Decision-making arrangements for matters under this Agreement
- Decisions will generally be made by the Ministerial Council by consensus, in accordance with the Handbook for COAG Councils. All jurisdictions agree to use every effort to ensure a consensus-based decision-making process.
- Notwithstanding clause 8, the Parties agree that decisions on the following matters must be made by way of a resolution:
2 A particular category of policy development and decision-making is the introduction of new or revised GEMS requirements. Principles and processes to be followed in introducing new or revised GEMS requirements are set out in Part 3 of this Agreement.
- consent to the content of new or revised GEMS requirements, including jurisdiction-specific GEMS requirements;
- budget matters;
- any other matters for which the Commonwealth Act requires the consent of participating jurisdictions;
- any amendment to legislation relating to the Scheme, other than amendments contained in a Statute Law Revision; and
- any other matters that the Parties agree in writing will be subject to a resolution.
- All Parties agree that reasonable notice of amendments must be provided when seeking the Ministerial Council’s approval, and in the case of a Bill or subordinate legislation, before that Bill is introduced into Parliament or subordinate legislation is submitted to Executive Council for approval.

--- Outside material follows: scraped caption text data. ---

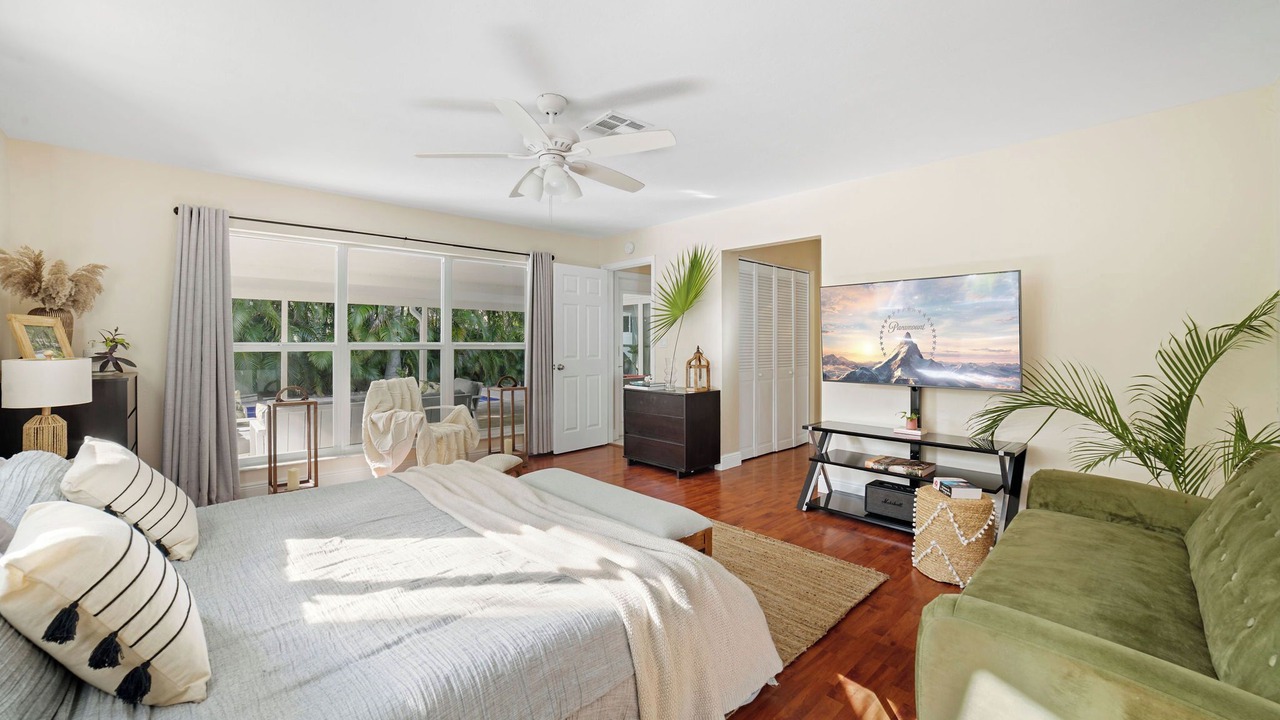 Photo of Bedroom in North Central Hollywood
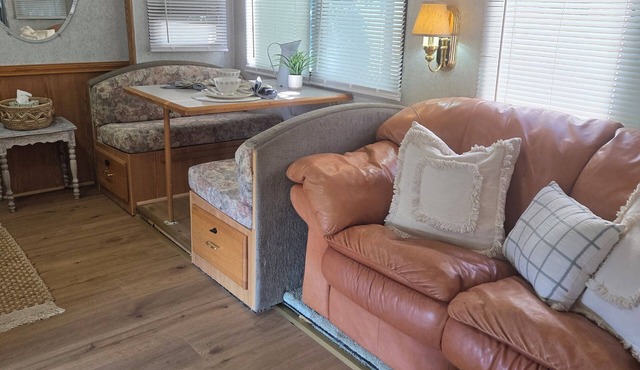 Mini farm vibe stationary RV in No.n San Diego County with WiFi, AC. TV. Views.n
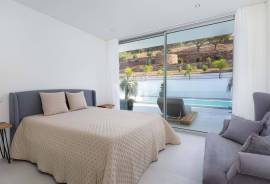 Contemporary 4 Bedroom Villa with 5ha Land, Salir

The Ministerial Council cannot delegate the granting of approval to amendments to legislation relating to the Scheme.
- Each participating jurisdiction has one vote to cast on each resolution.
- (i) A resolution on a non-budget matter will carry if at least a number of votes equal to the number of participating jurisdictions, less two, are cast in favour of it.
(ii) A resolution on a budget matter must be decided by unanimous agreement.3
- Except as noted in clauses 10, 52, 60 and 61, the Ministerial Council may, by resolution, delegate the approval of matters that require a resolution, in all cases or on a case-by-case basis. If the participating jurisdictions do delegate the approval of such matters in any case, delegates will apply the voting arrangements outlined in clauses 11 and 12.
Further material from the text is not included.